= WORK ORDER =
Write down exactly the lines from the one below that has "Brass Beads, Rondelle, Rose" to the end of the data, both ends included; the pictures should not appear in your copy.

= SOURCE DATA =
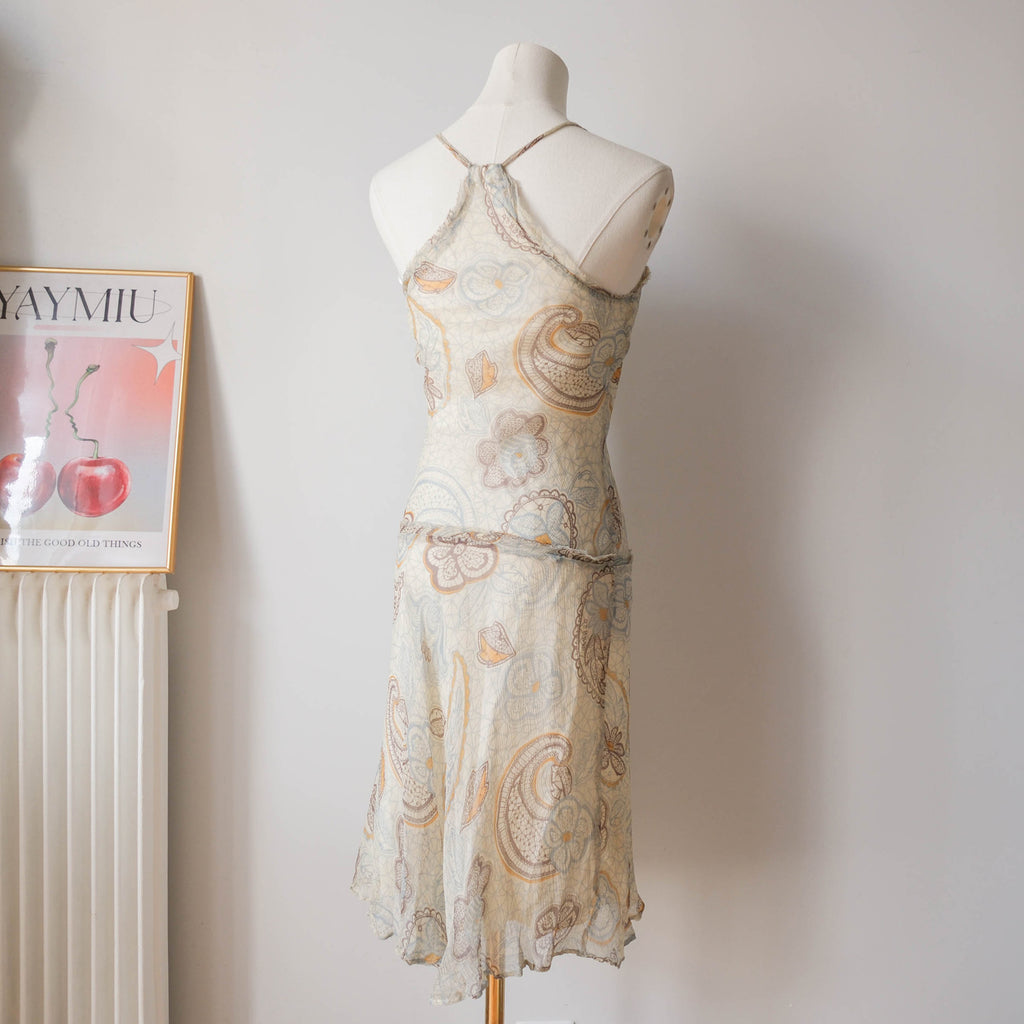 Vintage Paisley Silk Midi Dress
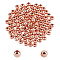 Brass Beads, Rondelle, Rose Gold, 4x3.5mm, Hole: 1.5mm, about 50pcs/bag, 2bags/box, 100pcs/box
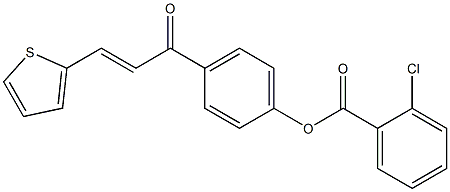 4-[(E)-3-(2-thienyl)-2-propenoyl]phenyl 2-chlorobenzenecarboxylate Struktur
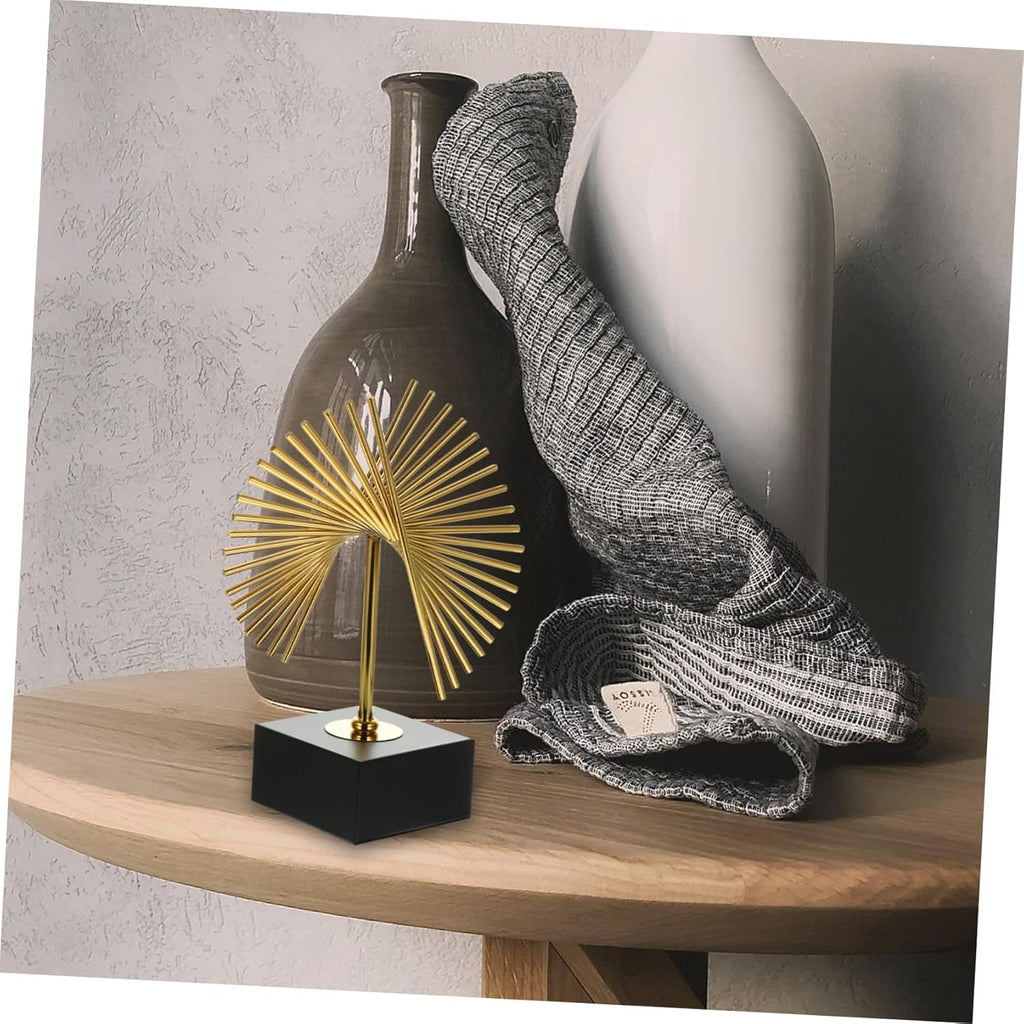 CONGARTENO Abstract Geometric Iron Art Ornament Metal Sculpture Modern Home Decoration Desktop Art Gift for Living Office Table Centerpiece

= EXERCISE SOLUTION =
 Brass Beads, Rondelle, Rose Gold, 4x3.5mm, Hole: 1.5mm, about 50pcs/bag, 2bags/box, 100pcs/box
 4-[(E)-3-(2-thienyl)-2-propenoyl]phenyl 2-chlorobenzenecarboxylate Struktur
 CONGARTENO Abstract Geometric Iron Art Ornament Metal Sculpture Modern Home Decoration Desktop Art Gift for Living Office Table Centerpiece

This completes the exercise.